The Null Device

Information wants to be paid

A US federal appeals court has ruled that all samples must be paid for, regardless whether or not they're recognisable, thus cementing the basis of the permission culture, where everything is intellectual property which must be licensed. Welcome to the Digital Millennium; make sure you've paid your way
The ruling says artists must pay for not only large samples of another artist's work, but also snippets -- smaller notes, chords and beats that are not the artist's original composition -- which had previously been legal, according to The Associated Press
"If you cannot pirate the whole sound recording, can you 'lift' or 'sample' something less than the whole? Our answer to that question is in the negative."

Thank God they're protecting valuable intellectual property from lawless piracy, otherwise capitalism as we know it would collapse and we'd enter a new dark age.

There are 7 comments on "Information wants to be paid":

Posted by: Ed http://asseptic.org/blog/ Thu Sep 9 14:04:05 2004

This is the reason why in less than twenty years some state governor will try to declare independence and then the USA will colapse like the USSR did, when China does to them - economically and culturally - what they did to the Soviets.

I honestly can't wait. These people are no longer even defending capitalism as any economist can tell you (China is), they are just defending State-controlled (in a sense the RIAA is State) Stalinism.

Posted by: dj http://deej.bah.id.au Fri Sep 10 01:54:09 2004

Discharge, here we come!

Posted by: gjw http://the-fix.org Fri Sep 10 04:20:04 2004

This is, of course, unpolicable - if an artist uses a sample so highly modified as to be unrecognisable, how in all reality is anyone going to know? Are musicians going to be required to keep work records detailing the precice construction of every song?

What's going to happen next? Fender charging you a licence fee for each note you play on one of their guitars?

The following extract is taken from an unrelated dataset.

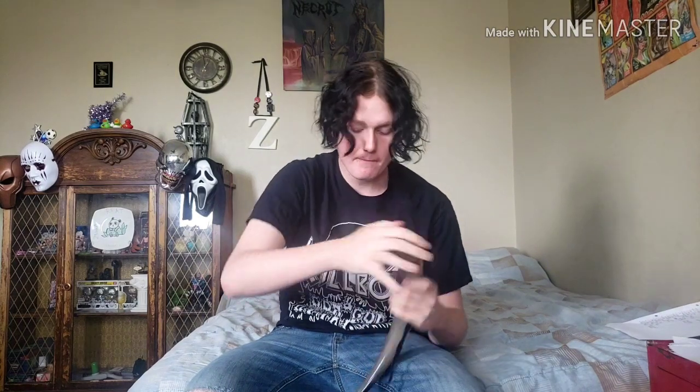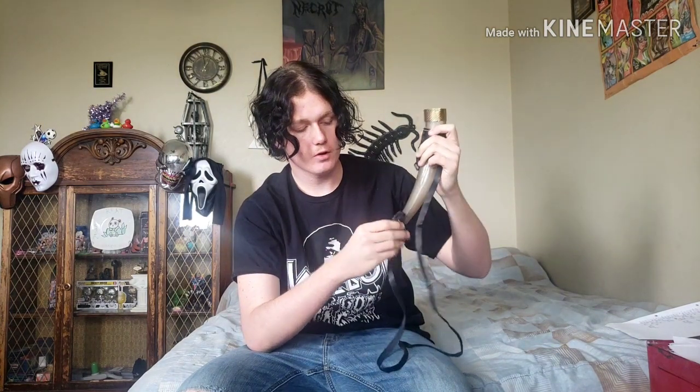But I believe — of course, I know — you slide it on like this, right? So, slide it on like this. And then, I'm assuming you hold it like this. I spilled one more on myself.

What if I'm using some "found sounds" I recorded on the street and someone's Nokia is ringing way off in the distant background?

What if I sample a "beat" from a recording, and that "beat" is simply the kick-drum sound from a Roland 808? Do I owe money to the artist I sampled, or to Roland?

Posted by: El Bizarro http://bizarro.typepad.com Sat Sep 11 01:52:18 2004

Of course, Disney is finding that intellectual property can cut both ways in South Africa. Of course, they're upset, intellectual property is about what _they_ own not what they might have stolen off somebody else.

Posted by: Tory Ben http:// Sun Sep 12 14:38:51 2004

This ruling is pretty screwy. How the hell do you claim ownership over a few bars of music? Surely every possible short musical notes has cropped up at sometime in something else. If I sampled a few beats on a track, will there be dozens of artists and labels who can identify the same beats somewhere in their discographies who should sue me? And shouldn't they then start suing each other?

Posted by: dj http://deej.bah.id.au Mon Sep 13 04:04:00 2004

Well we can now claim this as evidence that God doesn't exist. Otherwise, the various religions would be now taking out actions for using God's creations for commercial purposes.